MAT_LEE_TARVER
Material properties
"Optional title"
mid, $\rho_0$, $G$
$A$, $B$, $n$, $A_{u}$, $B_{u}$, $R_{1,u}$, $R_{2,u}$, $\omega_{u}$
$A_r$, $B_r$, $R_{1,r}$, $R_{2,r}$, $\omega_r$, $e_{0,r}$, $p_0$
$a$, $b$, $c$, $d$, $e$, $g$, $I$, $x$
$y$, $z$, $F_1$, $F_2$, $F_3$, $G_1$, $G_2$, $L$
$c_{vr}$, $c_{vu}$, $c_{pu}$
Parameter definition
Description
This is the classical Lee-Tarver reactive burn model.

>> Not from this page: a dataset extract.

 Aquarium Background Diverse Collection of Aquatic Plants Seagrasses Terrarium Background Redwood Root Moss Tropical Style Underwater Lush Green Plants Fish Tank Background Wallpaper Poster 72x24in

The fraction of combusted material is denoted $F$ and it ranges from 0 to 1. The unreacted material is modeled as elasto-plastic with flow stress:
$\displaystyle{\sigma_y = A + B(\varepsilon_{eff}^p)^n}$
The pressure in the unreacted phase is defined as:
$\displaystyle{ p_u = A_u \left( 1 - \frac{\omega_u}{R_{1,u} V_u} \right) \mathrm{e}^{-R_{1,u}V_u} + B_u \left( 1 - \frac{\omega_u}{R_{2,u} V_u} \right) \mathrm{e}^{-R_{2,u}V_u} + \omega_u e_u}$
Here $V_u$ is the relative volume of the unreacted material and $e_u$ is the specific internal energy of the unreacted material.

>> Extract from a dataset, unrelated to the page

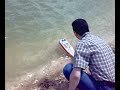 RC sea chaser RC sea chaser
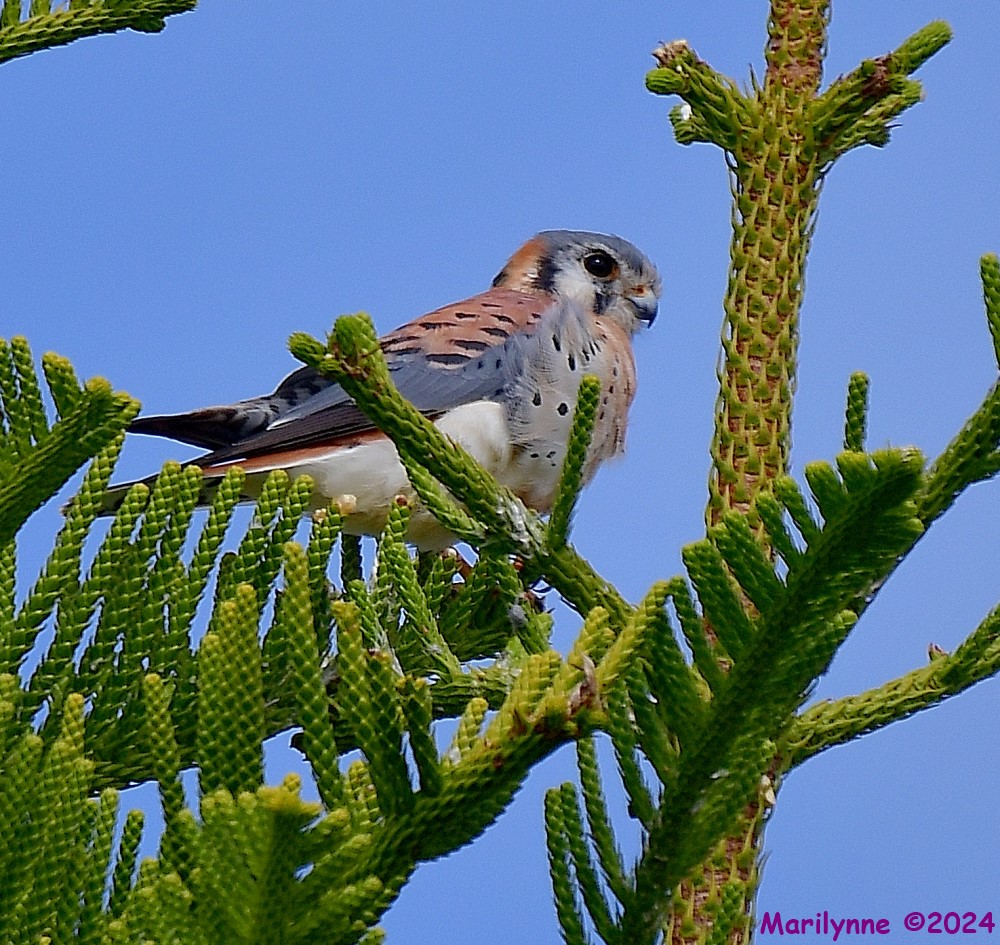 DSC_7177_001.JPG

In an equivalent way the pressure in reaction products is defined as:
$\displaystyle{ p_r = A_r \left( 1 - \frac{\omega_r}{R_{1,r} V_r} \right) \mathrm{e}^{-R_{1,r}V_r} + B_r \left( 1 - \frac{\omega_r}{R_{2,r} V_r} \right) \mathrm{e}^{-R_{2,r}V_r} + \omega_r e_r}$
There is assumed be a pressure equilibrium between the phases in a mixture of unburned and burned material $p \equiv p_u \equiv p_r$. This is achieved by adjusting the relative volumes of the phases while maintaining:
$\displaystyle{ V = F V_r + (1-F) V_u}$
where $V$ is the relative volume of the mixture, i.e. the ratio of initial to current density.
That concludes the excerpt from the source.